= Man from Del Monte =

Advertising campaign for Del Monte Foods

Brian Jackson as the man from Del Monte in an advertisement for peaches

The Man from Del Monte was a worldwide advertising campaign for Del Monte Foods. A series of 25 television advertisements ran from 1985 to 1991, featuring British actor Brian Jackson in the title role. The man, wearing a linen suit and Panama hat, arrived at various plantations to assess the quality of the produce for sale under the Del Monte brand. The man indicated his approval upon which the workers would celebrate, stating that "The man from Del Monte, he say yes!". The campaign was revived in Spain and Italy in 2015, with a younger actor.

== Original campaign ==
The original campaign ran 25 television advertisements in 30 countries between 1985 and 1991. The advertisement featured the "man from Del Monte", an inspector for the food company who travelled the world checking the quality of produce before approving it to be sold under the Del Monte brand. The advertisements typically opened with a soft-focus pan shot of a fruit plantation with workers preparing goods.

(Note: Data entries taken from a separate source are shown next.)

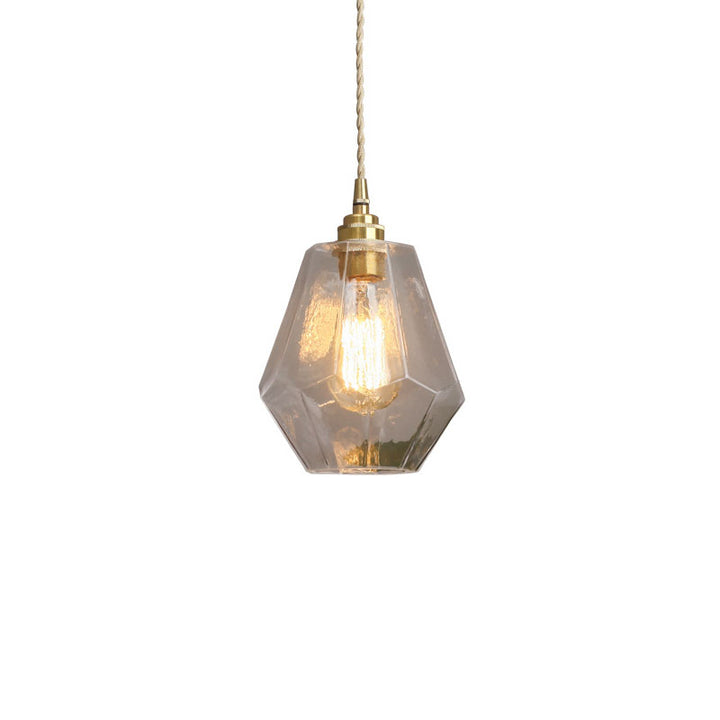 Suspension lumineuse à 1 ampoule en forme de losange en laiton traditionnel japonais pour chevet 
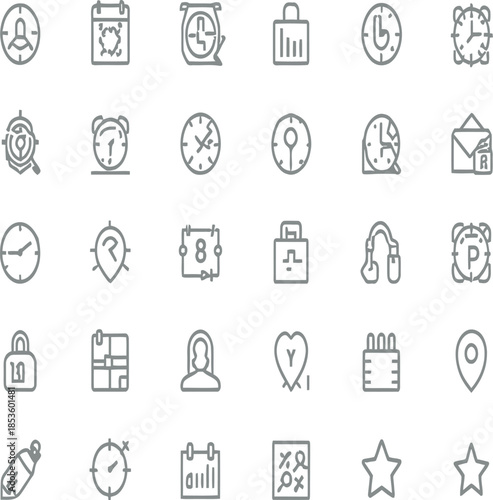 Time Management and Planning Icons: A collection of meticulously crafted, minimalist icons representing diverse aspects of time management, scheduling, and planning.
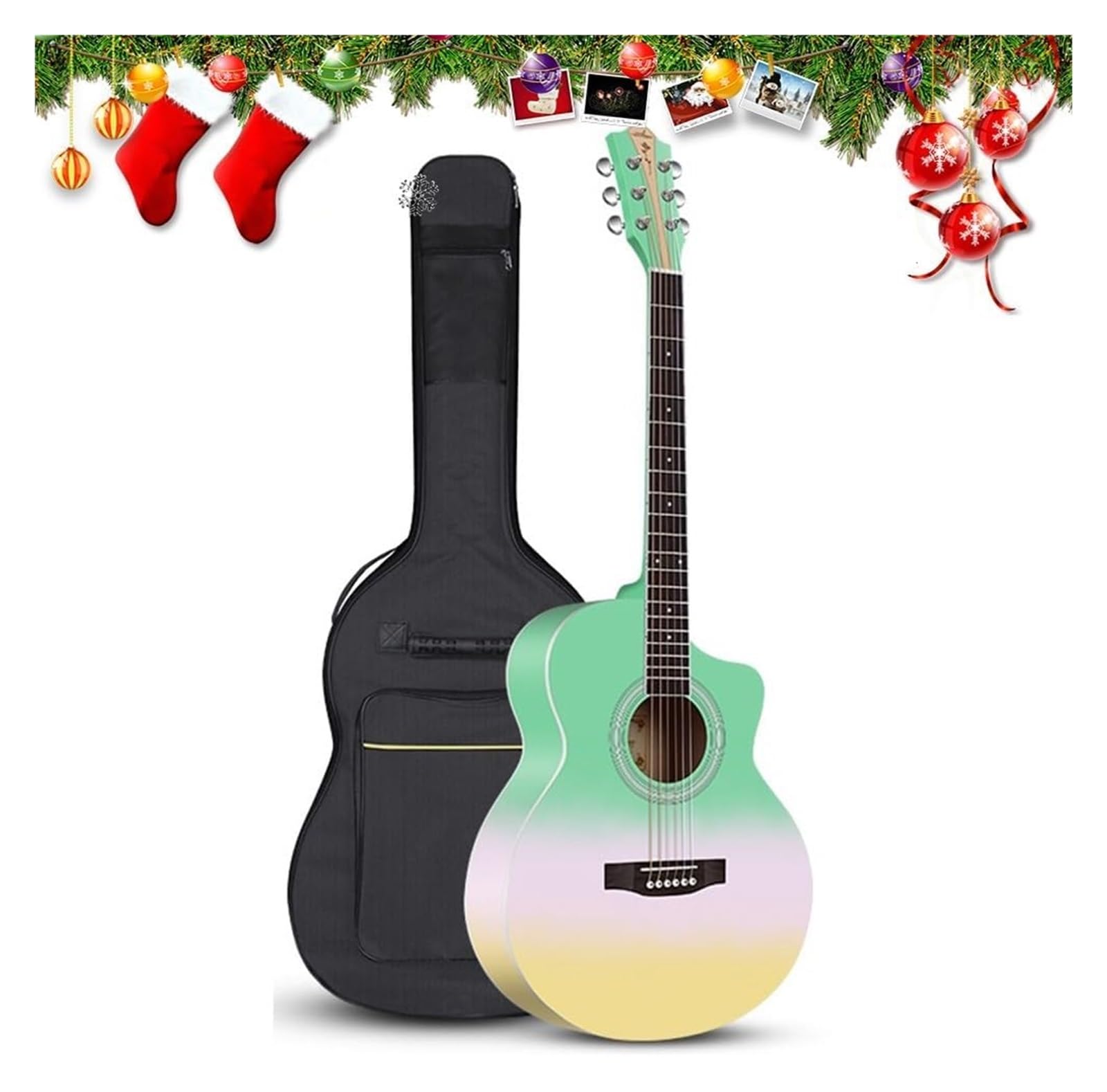 Einsteiger-Akustikgitarren-Paket, 2-farbiges Sunburst-Cutaway-Gitarren-Basis-Starterset Mit Gigbag, Saiten, Gurt, Stimmgerät, Stimmpfeife Und Plektren, Geeignet(Light green,41 inches)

The man from Del Monte then often arrived in a flamboyant means such as by seaplane, helicopter or sports car. The man, European wearing a tropical linen suit and Panama hat, examined the fruit crop while the workers looked on nervously. After tasting the fruit, the man signalled his approval, upon which the workers burst into celebration exclaiming "The man from Del Monte, he say yes!". The man never spoke but indicated his approval with a nod and extension of the index finger. The campaign was masterminded by American marketing company McCann Erickson.

=== Actor ===
One of the actors used in the campaign was British actor Brian Jackson. An American actor had originally been cast, but test screenings showed the audience considered him a sinister figure. Del Monte recognised that most of its customers were female and wanted to depict a trusted male character; they set requirements that the part be played by a white, cosmopolitan-looking man, aged over 40. A casting director at Thames Television recommended Jackson as meeting the brief and, after a one-off casting in London, he was selected for the part.

Jackson was contracted to appear in five television advertisements a year, made for various national branches of Del Monte. Jackson's schedule left him unable to appear in one of the films and a stand-in was used for his hands.

British actor Edward Jewesbury also appeared as "the man" in one of the campaign's advertisements.

=== Filming locations ===
The advertisements were filmed in the United Kingdom, United States, South Africa, Kenya, Italy and Canada, but never in South America, despite its association with fruit production. Though associated with a white suit, the man's suit was actually cream in all but one advertisement. His shirts were white or cream silk and on one occasion he wore an old school tie. Different Panama hats were worn when filming advertisements for different regions of Del Monte.

=== Reception ===
Jackson felt that the advertisements led him to being typecast and that his television acting career suffered for it. He did, however, become popular for other advertising campaigns and featured in advertisements for Gucci, Mastercard, Mercedes, BMW and Barclays.

Del Monte intended the man to personify their approach to quality control. However, the portrayal has been described as colonial in attitude with a white, "distinguished, aristocratic" man visiting plantations staffed by African and Hispanic workers who awaited his approval. The advertisement has been much parodied.

== 2010s revival ==
The man from Del Monte returned to television in December 2015 with a new advertising campaign in Italy and Spain. The revival was developed by Mediaset. It features a younger actor, wearing a white shirt and Panama hat, impressing a lady with the quality of his pineapple.